À l’abordage laisse après visionnage le souvenir d’une franche et sincère camaraderie : nous nous rappelons un visage, une réplique ou une situation, et ce sont des amis que nous voyons, et ce sont comme des souvenirs que nous revivons mais en faux, quoique le cinéma soit l’art qui donne vie à la fiction. Guillaume Brac n’a pas son pareil pour croquer ses personnages : il leur confère une authenticité d’autant plus forte qu’elle gagne à investir le terrain du non-dit et du silence. Car il s’agit surtout de regards. Dans les yeux nous lisons l’attente et l’espoir qu’elle procure ; nous lisons également l’incertitude puis la désillusion, aussitôt apparue aussitôt ébranlée par un événement qui va remettre en marche le cœur humain et donc nos adolescents.

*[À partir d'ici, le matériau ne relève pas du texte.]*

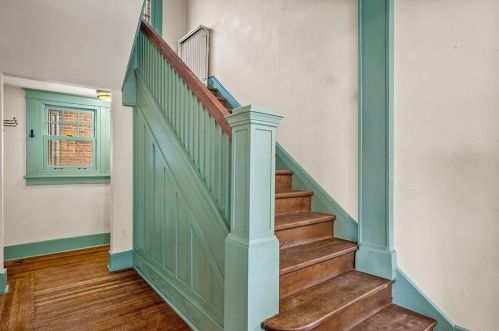 5701 Elgin St, Pittsburgh PA 15206-1635 exterior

Ces personnages, nous avons l’impression de les avoir côtoyés, de les aimer encore – ou de les détester franchement. La démarche sociale entreprise par le long métrage, explicite par le rapport de classes entre Félix et Alma, ne prend jamais le pas sur la fluidité d’un récit qui coule à la manière de la rivière et se construit en épousant le mouvement de ses protagonistes, de leurs corps dans un espace et dans un temps ralentis, suspendus pour la période estivale. Voilà une œuvre dépourvue de grandiloquence et d’effets tape-à-l’œil qui donne à voir et à vivre l’humain dans sa simplicité la plus complexe, réussissant le tour de force d’esquiver l’axiologie lors d’un retournement ultime qui raccorde chaque personnage à sa propre fragilité.
Certainement l’un des meilleurs films de l’année.